Ok I want to do a few things.
Maybe non-obvious you will need:
I won't go over setup. It's hacks and jank.
Convert to whisper specs: mono, 16 bit, 16000hz sample rate wav file.
ffmpeg -i input-video.mkv -ac 1 -ar 16000 input-audio.wav
This one is annoying because you might try a few things.
whisperx --model large-v3-turbo --model_dir ~/.cache/whisper --output_dir out/ --task transcribe --diarize --highlight_words True --verbose True --output_format all --print_progress True --compute_type int8 --threads 24 --hf_token your-token-here input-audio.wav
I found not too much diff between large-v2, v3 and v3-turbo. Turbo is a bit faster and newer so going with that.
You might not want highlight_words as it can be distracting.
This generates a .txt transcript, .srt and .vtt (the latter two are near equivalent).
NOTE: try with a single small wave file before you do *.wav!!! It will batch process and you want to do 1 good run to catch errors such as with huggingface. Or you will spend 10 hours in whisper then fail only to have to redo it.
Now, this results in text with SPEAKER_00 and SPEAKER_01. First I wanted to convert to substation alpha (ass/ssa) to do colors.

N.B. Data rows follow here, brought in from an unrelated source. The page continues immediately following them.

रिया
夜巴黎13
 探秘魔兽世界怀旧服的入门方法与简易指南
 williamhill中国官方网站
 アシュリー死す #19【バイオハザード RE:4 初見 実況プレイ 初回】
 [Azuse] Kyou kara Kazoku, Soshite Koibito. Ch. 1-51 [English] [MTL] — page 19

Then I got bored and did .srt/.vtt directly. It's only a bit cursed.
Here is a bash script to take in the subtitle and add color tags.
NOTE: font tags, and not span as some sources say. Also I did the SRT and not VTT since there's some issues with tags in VTT? and limits to what is supported? Idk much man.
#!/bin/bash
# Define an array of colors for each speaker
COLORS=("yellow" "cyan" "green" "magenta" "orange" "green" "blue" "white")
# Input file (VTT or SRT)
INPUT_FILE="$1"
# Output file (with colors added)
OUTPUT_FILE="${INPUT_FILE%.*}_colored.${INPUT_FILE##*.}"
# Check if input file exists
if [[ ! -f "$INPUT_FILE" ]]; then
echo "Error: Input file '$INPUT_FILE' not found."
exit 1
fi
# Process the file
awk -v colors="${COLORS[*]}" '
BEGIN {
# Split the colors into an array
split(colors, colorArray, " ")
}
{
# Check if the line contains a speaker label
if (match($0, /\[SPEAKER_[0-9]+\]:/)) {
# Extract the speaker number
speaker_num = substr($0, RSTART + 9, RLENGTH - 10)
# Get the corresponding color
color = colorArray[speaker_num + 1]
# Wrap the line in a span with the color
$0 = "<font color=\""color"\">" $0 "</font>"
}
# Print the modified line
print
}
' "$INPUT_FILE" > "$OUTPUT_FILE"
echo "Colors added successfully! Output saved to '$OUTPUT_FILE'."
At this point you have SRT file. You can embed that into video as a subtitle track in say an MKV. That's how I would personally do it.
But sometimes you're sending to people and don't want them to deal with subtitle tracks.
Then just burn it in and do hardsubs.
ffmpeg -i input.mkv -vf "subtitles=input_subtitles_colored.srt:force_style='OutlineColour=&H00000000,BorderStyle=3,Outline=1,Shadow=0,MarginV=20,FontSize=28'" -c:v libx264 -crf 23 -c:a aac -b:a 128k output.mp4
This will use our color tags, do black background and outline on the subs at font size 28. Choose based on your preference.
Note: I might hate h264 and the default aac encoder sounds like ass but sometimes you need a dumb mp4 file. Use AV1 and opus if you can.